Important note: you don’t have to accept anyone’s apology. Or better said, you can accept an apology without choosing to revive the relationship. Trust is earned, not owed. Not bartered with, not reasoned out, not inherited, stolen or swapped. If someone has broken trust in irreparable ways, it is completely within your rights to say no thanks to the relationship. You can be friendly but not friends. Distant family members but not close. Co-parents but not married. Those are all acceptable forms of relationship status.
But if your gut gives the green light, you may find that breathing new life into a shriveled up relationship to be nothing less than magical.
People can change. Broken hearts can be mended. If that were not the case, why would anyone read self-help books, attend 12-step groups, or read Brene Brown? If people couldn’t change, what would be the purpose of the Christian gospel, or any faith that relies on a redemption story? Brain science proves it — we are always growing and learning. And we are capable of learning how to love just like any other skill.
People can change — but only if we let them. If we keep justifying the status quo, we are communicating that the way others treat us is perfectly acceptable. Sometimes when we rock the boat, people realize the ship is going down fast. They recognize the only person who can save it is themselves. Their actions are nothing short of heroic.

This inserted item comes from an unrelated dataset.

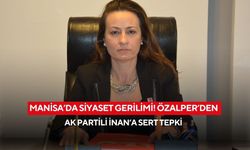 Manisa’da siyaset gerilimi! Özalper’den AK Partili İnan’a sert tepki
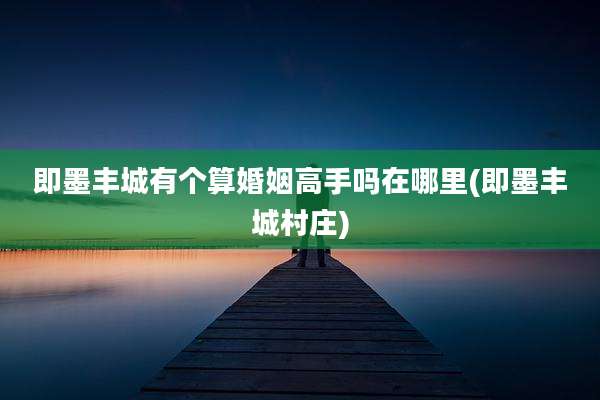 即墨丰城有个算婚姻高手吗在哪里(即墨丰城村庄)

Of course, the indicator of a truly changed person is when you find yourself treated consistently with kindness and respect. Boundaries are honored. Old arguments die in the past. New and better strategies for handling conflict are employed.
You realize you can breathe easily when they are around, because a steady root of trust is holding you up.
But the change isn’t all theirs. You will need to do some changing too. You will need to speak up when you have needs that aren’t being addressed. You will need to believe that you deserve nothing less than respect and kindness. You will need to accept that you are not 100% responsible (read: to blame) for what happens in a relationship. You will need to own what is yours and nothing more.
Relationships, as a rule, are messy and imperfect. You will know which ones are worth saving when you give space for people to be themselves.